» Exercise details: Restrict the output to the lines below starting at the one that contains "Primary Type Image" and ending at the one that contains "C-Cute-Funny-Highla…", and restate them word for word, both ends included.

» Provided data:
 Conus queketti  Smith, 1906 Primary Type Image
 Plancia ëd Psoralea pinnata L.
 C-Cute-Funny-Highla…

--

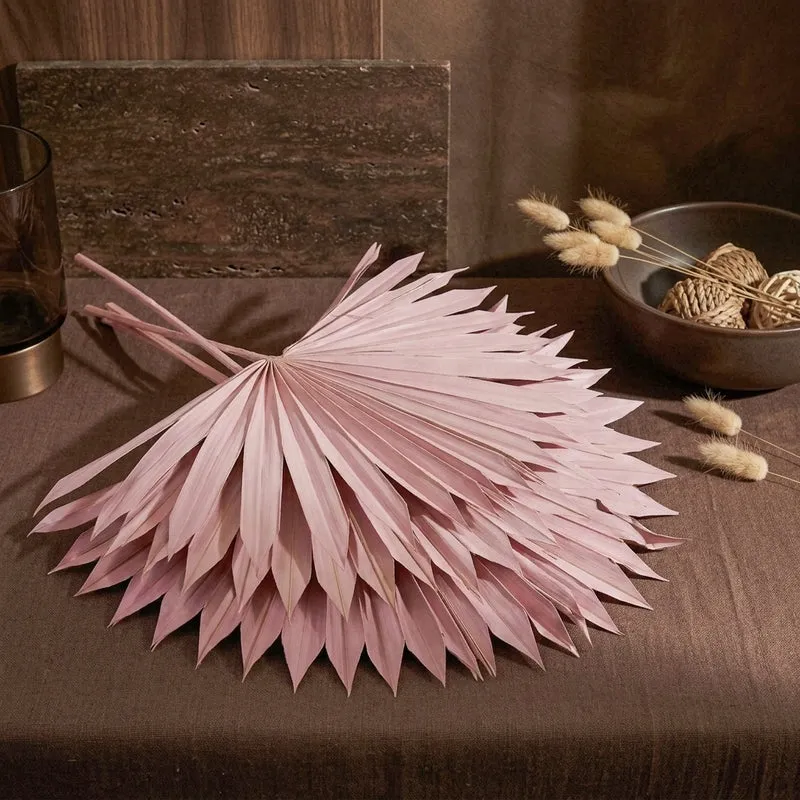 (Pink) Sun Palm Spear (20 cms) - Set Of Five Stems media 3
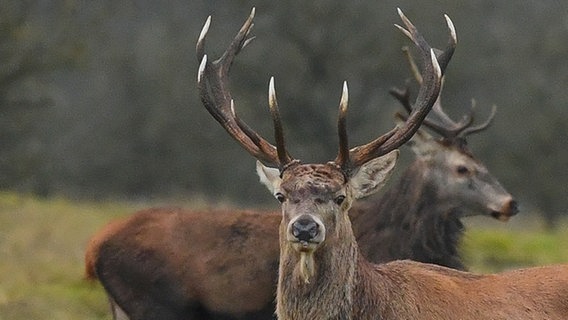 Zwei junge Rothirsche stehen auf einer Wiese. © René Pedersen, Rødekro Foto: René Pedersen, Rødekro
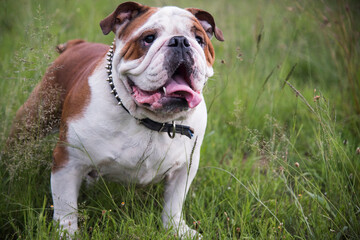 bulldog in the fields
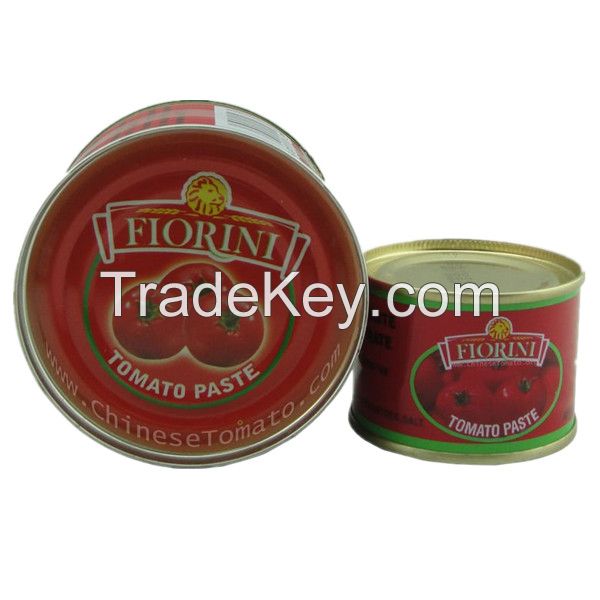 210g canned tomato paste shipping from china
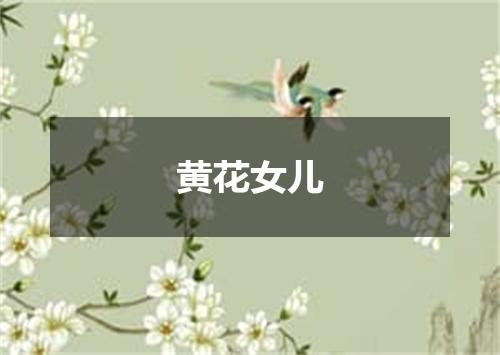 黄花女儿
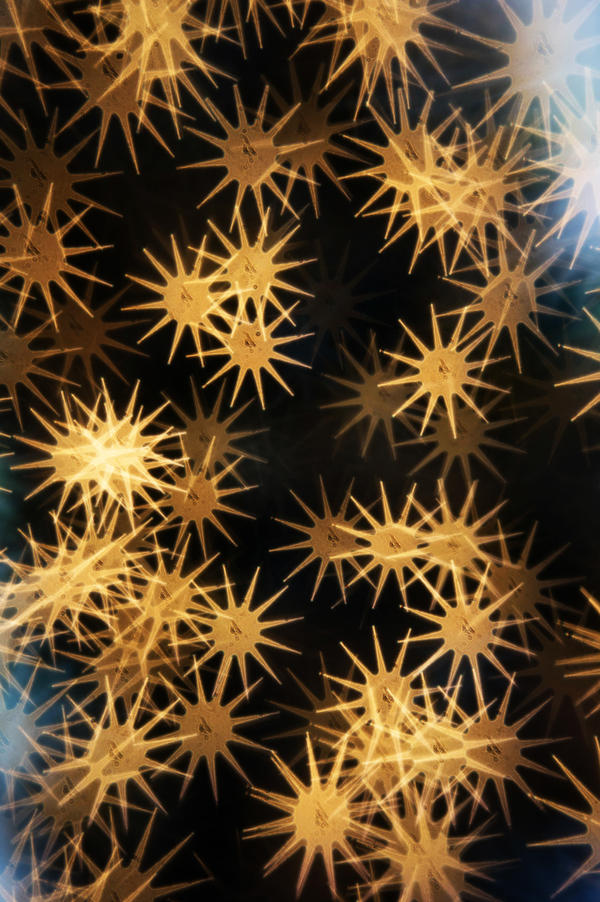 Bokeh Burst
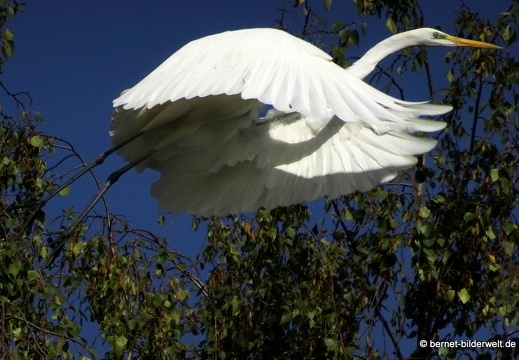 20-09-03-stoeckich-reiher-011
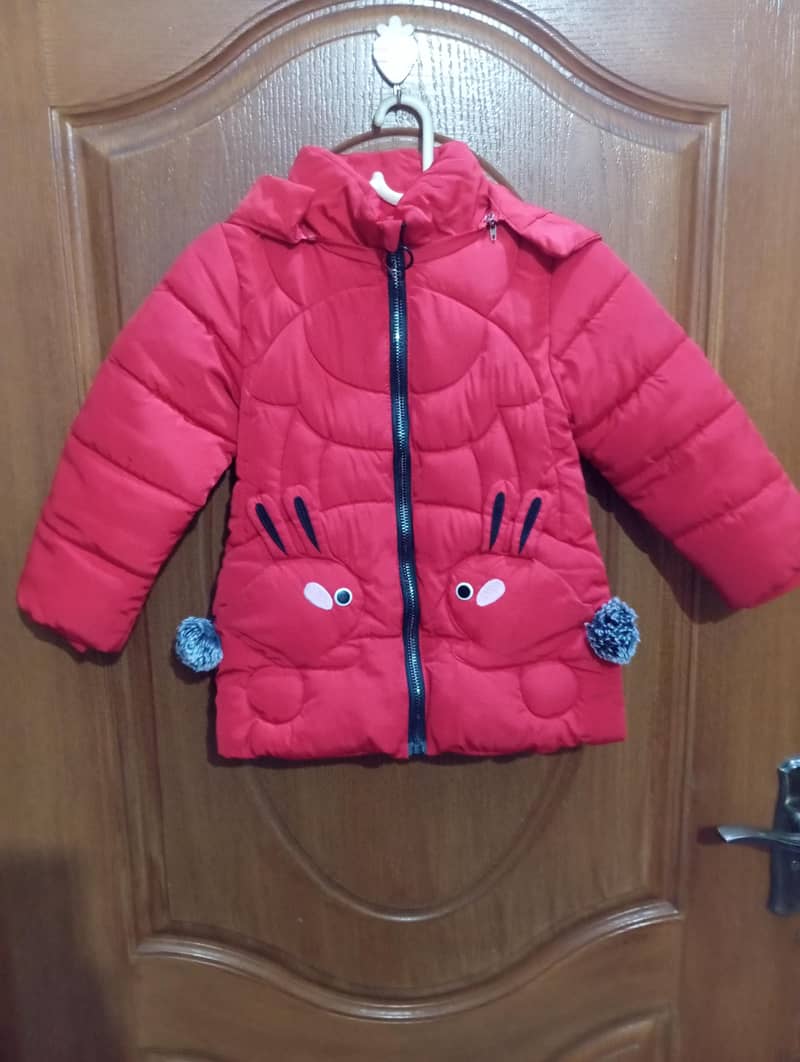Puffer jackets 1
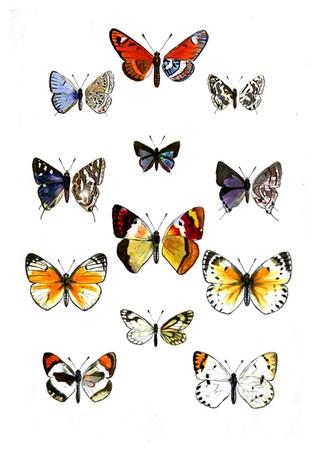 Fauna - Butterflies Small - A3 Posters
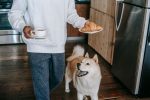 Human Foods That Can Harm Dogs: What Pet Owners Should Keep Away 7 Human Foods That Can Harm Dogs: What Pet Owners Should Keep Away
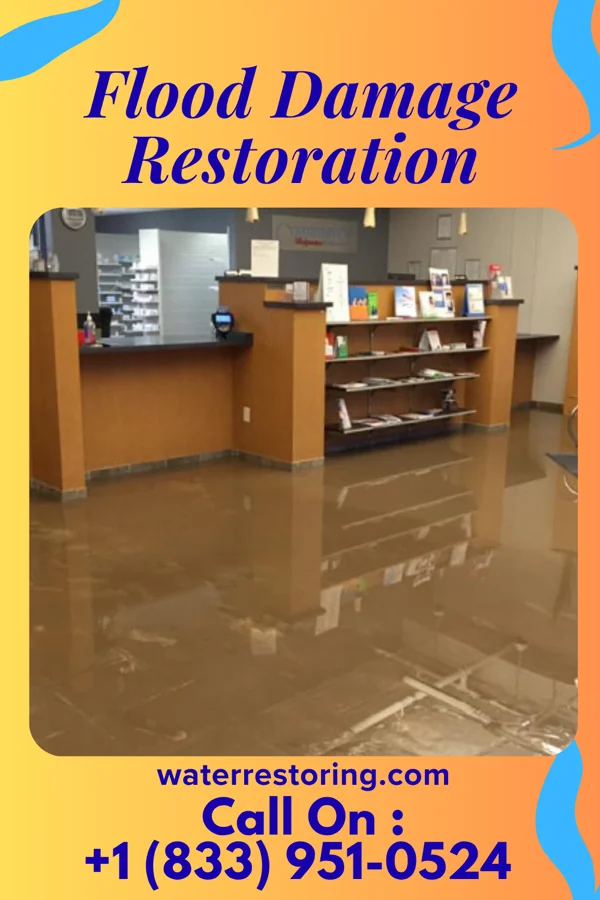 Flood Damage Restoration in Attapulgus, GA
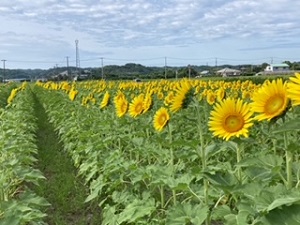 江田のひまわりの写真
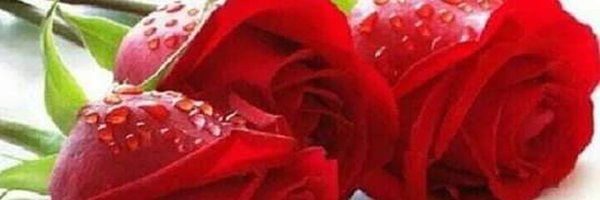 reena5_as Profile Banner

» Reply:
 Conus queketti  Smith, 1906 Primary Type Image
 Plancia ëd Psoralea pinnata L.
 C-Cute-Funny-Highla…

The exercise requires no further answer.